ONE-OFF FERRARI 166MM 'UOVO' LEADS WORLD CLASS FERRARI GATHERING AT CONCOURS OF ELEGANCEPhoto: RM Sothebys
The former home of Henry VIII, Hampton Court Palace, will play host to a selection of some of the rarest Ferraris ever built as Concours of Elegance gets underway from 31 August to 2 September. Ferraris from 1950 to the present day will appear in the Main Concours event, spearheaded by the unique and beautiful 166MM/ 212 Export ‘Uovo’.
The ‘Uovo’ is an absolute one-off, designed for Count Giannino Marzotto as the ultimate sports racing car of its day. The design is not only aerodynamic but also lightweight, inspired by the aeronautical training of the car’s designer, Franco Reggiani, shedding around 150kg compared with similar Ferraris of the time. The bespoke design, complete with a reflection-free windscreen made of crystal, worked wonders on the car’s performance, granting it a number of race wins, including the 1951 Giro della Toscana. Sold very recently by RM Sotheby’s, the ‘Uovo’ has rarely been seen in public, making the Concours of Elegance a special opportunity to see one of the world’s most special Ferraris.
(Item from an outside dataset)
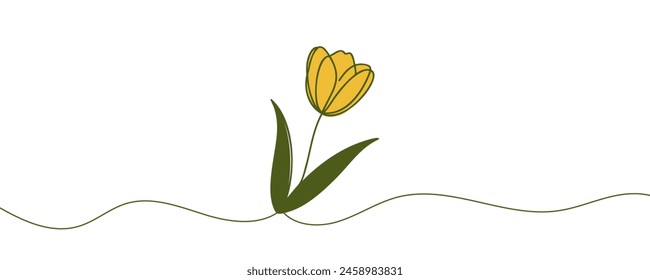 The tulip is drawn in one continuous line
Joining the Uovo is the Ferrari 500 TRC by Scaglietti. Named after the FIA ‘C’ racing regulations to which it was built to comply, this 500 TRC, or ‘Testa Rossa C’, is one of the most beautiful Ferraris ever built. This particular example is the last TRC produced, and the last ever four-cylinder car Ferrari made. It also comes complete with an impressive race history, including class wins at both the 1957 12 Hours of Sebring and 24 Hours of Le Mans.
Then there’s the extraordinary 365 California Spyder. One of only fourteen ever made, this car was designed by Pininfarina as a direct successor to the 500 Superfast Coupe. Named “California” after its 250 predecessors, the 365 Spyder was fitted with a sophisticated 4.4-litre V12 engine, capable of producing up to 320hp.
Also on display at the Concours is a 1962 Ferrari 250 GT SWB Berlinetta Scaglietti – one of 165 built. Featuring a 3-litre V12 engine, the 250 GT SWBs were a shortened version of the long-wheelbase TDF (Tour de France) cars, fitted with modified suspension for higher cornering speeds.
Any Ferrari 275 GTB is special, but the alloy-bodied Long Nose appearing at Hampton Court Palace between 31 August – 2 September deserves extra attention. One of just 80 examples, this car has the lighter alloy body, the Long Nose design and the earlier two-cam powertrain. The 275 was designed by Pininfarina, built by Scaglietti, and was the first Ferrari to feature fully independent transaxle suspension, pioneered on-track by Ferrari.
Once considered the ‘entry-level’ Ferrari, the Dino has gone on to become one of the most sought-after Ferraris of its era, and Concours of Elegance will be displaying one of the 357 early L-Series cars – a Dino 246 GT. Featuring a six-cylinder mid-mounted 2.4-litre engine, which produces 195bhp, the Dino is capable of 146mph. This year marks the 50th anniversary since the first Dino was produced, in 1968.
No line-up of Ferraris would be complete without an appearance from the brand’s legendary GTO badge, and Concours of Elegance will be bringing perhaps the rarest GTO of them all. The 1983 Ferrari 288 GTO Prototype, known simply as the Ferrari GTO, is one of only six built, and one of three that remain.
And finally, a 2018 Ferrari GTC4Lusso ‘Tailor Made’ will also be present in the Main Concours. Finished in a bespoke Arancia paint, this car was customized to exactly the owner’s specifications. Released earlier this year as the replacement for the Ferrari FF, the car features a 6.3-litre V12 engine, capable of reaching speeds in excess of 200mph.